A video that starts with the premeditated murder of Rihanna’s former lover and then slides into a ridiculously catchy reggae style song by the Princess of Pop features highly on many “most watched videos” lists. But this video’s controversy comes from Rihanna’s reasons for shooting the man. Although the lyrics state that she doesn’t know why she’s killed him, the video shows this to be a retaliation for sexual harassment or rape.
Lady Gaga and Beyonce “Telephone”
An all-female jail plus choreographed dance routines in studded leather underwear and a pair of glasses made from still-lit cigarettes. The most eco-friendly hair rollers known to man. A few fist fights and a lingering lesbian kiss. We could keep going, but all you really need to know is that any video starring divas like Lady Gaga and Queen Bey is going to take things to new levels. But mostly people were outraged by the lesbian kiss and use of the word “motherfucker.” That and the high body count due to Gaga’s skills in the kitchen. A word of warning to all Little Monsters out there, it’s probably best to leave Mother Monster out of the kitchen.
Erykah Badu “Window Seat”
Needless to say, any pop video that references JFK’s assassination walks a thin line between being much loved and much hated. Erykah pushes boundaries by having a beautiful and heartfelt song playing while she walks the route the President’s car took on that fateful day. A stripped-back melody is mirrored by Badu as she strips off while walking before ending on a powerful message the depiction of which has caused outrage in some quarters.
Madonna “Like A Prayer”
An opening shot of burning crosses referencing the Ku Klux Klan’s racism and intimidating techniques is always going to spell controversy. The original boundary pushing pop superstar, Madonna, started the trend for religious iconography found in the work of Lady Gaga and the like. The real issue at the time of its release was the depiction of a black Jesus. Little did the critics know that in a few decades Morgan Freeman would be widely recognized as ‘The voice of God’ after the film Bruce Almighty.
M.I.A “Born Free”
M.I.A comes from a background of controversy, with family ties to the Tamil Tigers, a nationalist group who sought an independent state in Sri Lanka for the Tamil people. The video shocked people with the violence it depicts, as well as the theme of ethnic cleansing as people with ginger hair are rounded up by military figures and are then killed. A light-hearted pop video this is not.
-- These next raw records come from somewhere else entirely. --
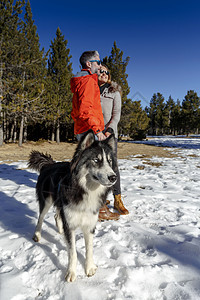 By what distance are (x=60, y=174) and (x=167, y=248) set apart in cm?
193

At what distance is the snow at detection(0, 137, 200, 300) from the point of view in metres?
1.84

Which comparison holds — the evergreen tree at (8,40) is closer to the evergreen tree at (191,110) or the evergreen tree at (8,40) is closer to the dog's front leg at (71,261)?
the dog's front leg at (71,261)

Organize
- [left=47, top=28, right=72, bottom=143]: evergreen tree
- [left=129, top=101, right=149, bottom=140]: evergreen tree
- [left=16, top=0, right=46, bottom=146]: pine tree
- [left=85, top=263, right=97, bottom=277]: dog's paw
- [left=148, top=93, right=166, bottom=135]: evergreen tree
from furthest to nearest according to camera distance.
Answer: [left=148, top=93, right=166, bottom=135]: evergreen tree
[left=129, top=101, right=149, bottom=140]: evergreen tree
[left=47, top=28, right=72, bottom=143]: evergreen tree
[left=16, top=0, right=46, bottom=146]: pine tree
[left=85, top=263, right=97, bottom=277]: dog's paw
Other notable videos include Natalia Kills’ “Kill My Boyfriend,” which as the name suggests, is about domestic violence; Miley Cyrus’ “Wrecking Ball,” which has entered into pop culture in a big way, cementing Miley as a controversial figure; and Bjork’s “Pagan Poetry,” in which the pop oddity, who constantly pushes boundaries of music and expression, sings while graphic sex scenes are shown, with one depicting skin crawling threading of strings of pearls. Through skin. And nipples. Be warned.